On a mission to inspire girls to code
19 May 2017
Did you know that only a quarter of girls aged between eight and 12 claim to know anything about engineering and coding, and those that do say it’s ‘too difficult’ and ‘more for boys’?
Since 2014, as part of their education, children are learning not just how to work a computer, but how a computer works - skills that are now essential to succeed in our increasingly digital world. The overall vision was that it would provide a long-term solution to the skills gap between the number of technology jobs and the people qualified to fill them.
However, despite positive changes to the computing curriculum and the rise in after-school coding clubs, most girls’ perception of coding hasn’t changed. It’s still ‘not for them’, and consequently, the STEM workforce is still very much struggling to attract (and more importantly, retain) an equal representation of females.
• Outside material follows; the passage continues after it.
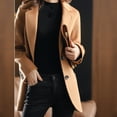 thumbnail image 1 of ClodeEU Women's Lapel Wool Blend Blazer With Button, Fall Fashion Dressy Jackets Work Office Clothes Brown,Womens Plus M, 1 of 7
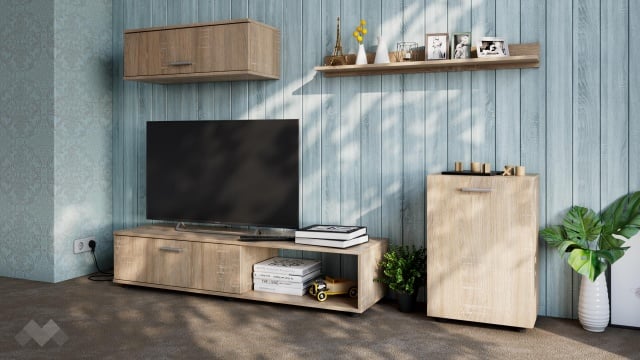 Секция Стенли с открити рафтове дъб сонома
So, we’re in a place where despite the fact that girls are being offered more advice and opportunities than ever before, women are still only making up 14% of our STEM workforce.
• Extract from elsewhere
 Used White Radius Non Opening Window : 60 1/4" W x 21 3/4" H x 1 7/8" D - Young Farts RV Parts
For a long time, I’ve felt that something significant needs to be done to change perceptions and remove this gender bias that is clearly sticking around!
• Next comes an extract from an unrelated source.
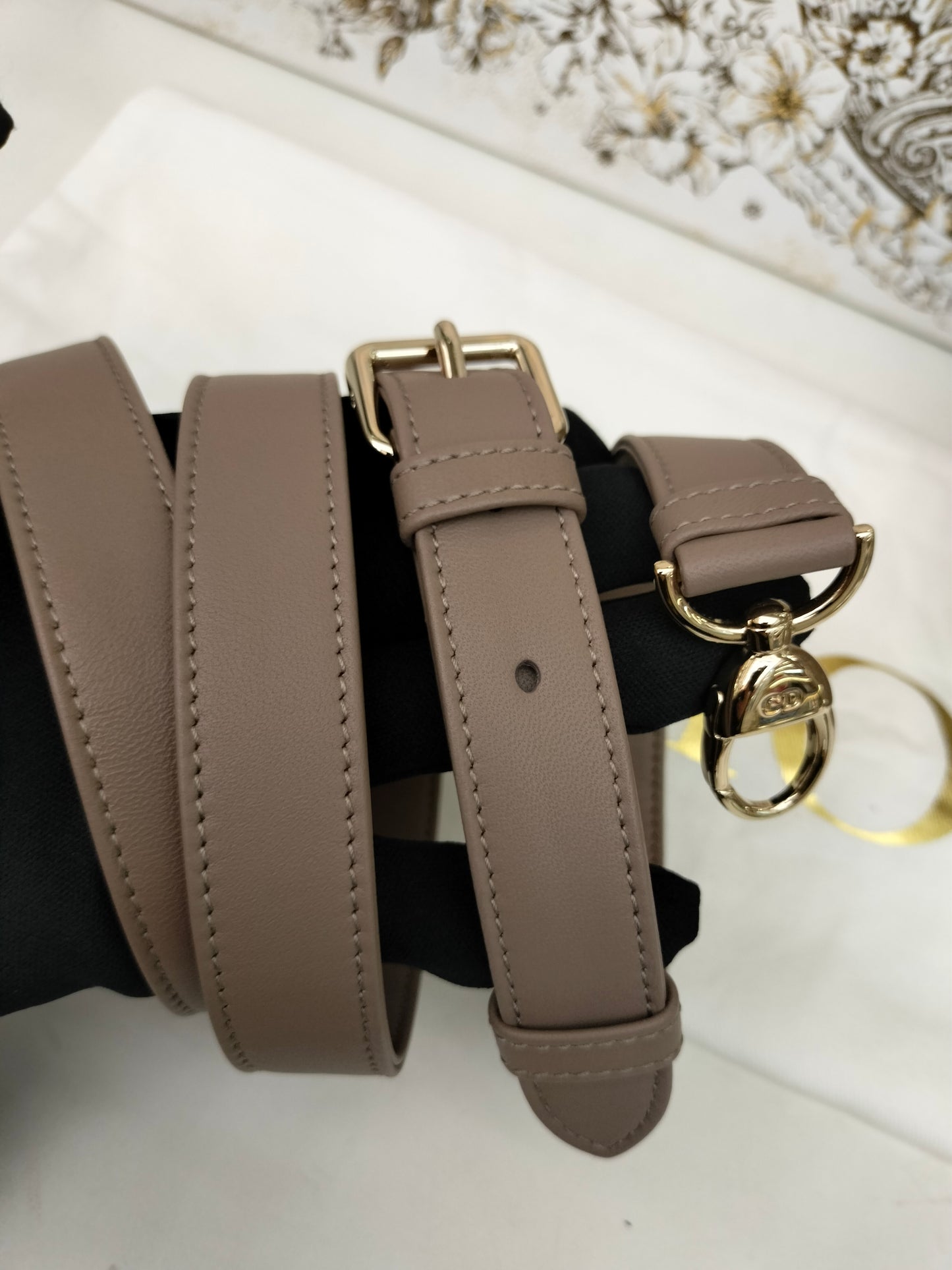 *NBU* Lady Dior Medium Lamb Taupe Enamel Charm GHW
It’s a topic I’ve spent months researching, because I’m keen to figure out a solution to how most girls feel about learning the languages of technology. The biggest drop-off in interest and confidence is after the age of twelve. So how do we keep girls interested, and engage more of them?
I approached this by thinking back to my own childhood. I was obsessed with playing computer games and dreamt of a career in game design, but I didn’t really believe I could do it. We weren’t taught programming at school and after taking a look at a few books on software engineering, I was convinced that these subjects were for people with completely different brains to mine. Towards the end of school, I decided that this career path wasn’t for me. I’d also never heard of any female games designers or engineers, so it felt unlikely that it would ever be possible for someone like me to build games.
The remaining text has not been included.